> Your assignment: For every record that follows, write out the text exactly and omit the picture, if one is present.

·····

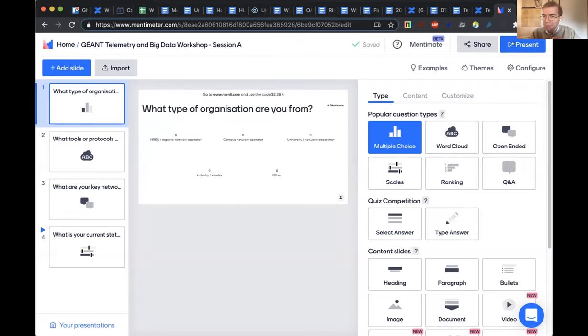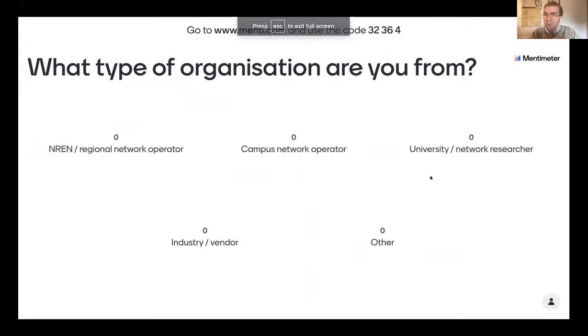We have some time for open discussion. There have been some questions already answered in the chat. We're planning to run a Mentimeter session — please go to menti.com and use the code 32364 to reply to questions about your organization type, tools and protocols you're using today, your main network monitoring challenges, and your current deployment status for multi-domain monitoring, streaming telemetry, in-band network telemetry, and analytics.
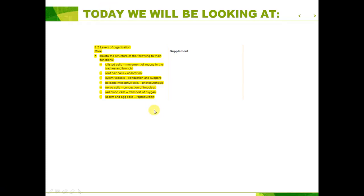Hey guys, welcome to another episode of IGCSE Biology Revision. Today we're going to be covering syllabus section 2.2, Levels of Organization.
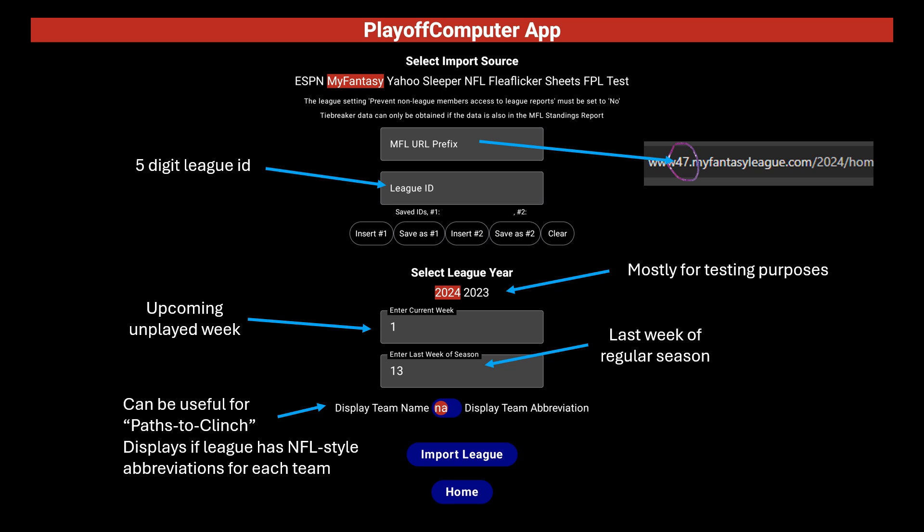If it's January and your league is still playing and it defaults to the next year, just set it as appropriate. If you just want to test the app during the offseason, you can set it for last year — the data won't match perfectly since the season is already over, but it's still usable for testing. The current week will be the upcoming unplayed week.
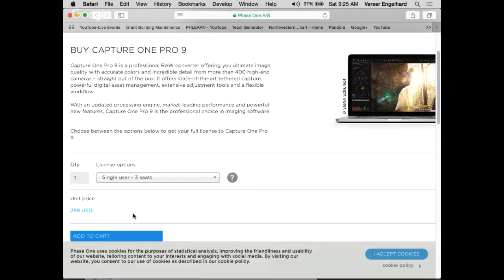There are two versions of Capture One: C1 Pro, which we're looking at, and the DB version, which is free. The DB version stands for 'Digital Back' and only works with Mamiya, Leaf, Credo, Aptus, and Phase One backs — all owned by Phase One. You get that software free because you've already spent forty thousand dollars on a back. The Pro version supports those digital backs plus 35mm cameras like Canons and Sonys. The one medium format it likely doesn't support is Hasselblad.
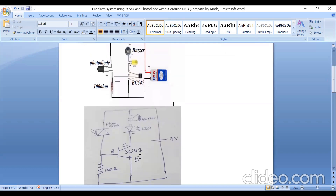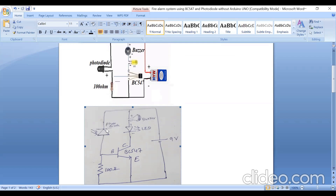How it works when there is no fire — when no light falls on the photodiode it will be in an off condition. When it is in off condition, this part of the circuit acts as an open circuit. So there is no flow of current in the base terminal of the transistor. The base-emitter junction is not forward biased and the transistor is turned off. When the transistor is in off condition, the LED and buzzer are also in off condition.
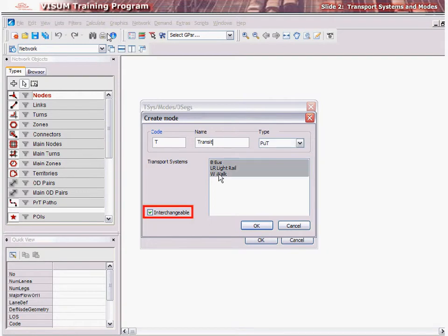For the interchangeable checkbox: if the option has been selected, the mode does not have to be used by all vehicle journeys of a chain, but can be interchanged by a different mode. If the option has not been selected, the mode has to be used by all vehicle journeys of a chain. This option is only relevant for demand modeling with the EVA and the vZoom model, which is beyond the scope of this tutorial. To complete the definition of a mode, click OK.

·····

> Solution to this problem:
We have some time for open discussion. There have been some questions already answered in the chat. We're planning to run a Mentimeter session — please go to menti.com and use the code 32364 to reply to questions about your organization type, tools and protocols you're using today, your main network monitoring challenges, and your current deployment status for multi-domain monitoring, streaming telemetry, in-band network telemetry, and analytics.
Hey guys, welcome to another episode of IGCSE Biology Revision. Today we're going to be covering syllabus section 2.2, Levels of Organization.
If it's January and your league is still playing and it defaults to the next year, just set it as appropriate. If you just want to test the app during the offseason, you can set it for last year — the data won't match perfectly since the season is already over, but it's still usable for testing. The current week will be the upcoming unplayed week.
There are two versions of Capture One: C1 Pro, which we're looking at, and the DB version, which is free. The DB version stands for 'Digital Back' and only works with Mamiya, Leaf, Credo, Aptus, and Phase One backs — all owned by Phase One. You get that software free because you've already spent forty thousand dollars on a back. The Pro version supports those digital backs plus 35mm cameras like Canons and Sonys. The one medium format it likely doesn't support is Hasselblad.
How it works when there is no fire — when no light falls on the photodiode it will be in an off condition. When it is in off condition, this part of the circuit acts as an open circuit. So there is no flow of current in the base terminal of the transistor. The base-emitter junction is not forward biased and the transistor is turned off. When the transistor is in off condition, the LED and buzzer are also in off condition.
For the interchangeable checkbox: if the option has been selected, the mode does not have to be used by all vehicle journeys of a chain, but can be interchanged by a different mode. If the option has not been selected, the mode has to be used by all vehicle journeys of a chain. This option is only relevant for demand modeling with the EVA and the vZoom model, which is beyond the scope of this tutorial. To complete the definition of a mode, click OK.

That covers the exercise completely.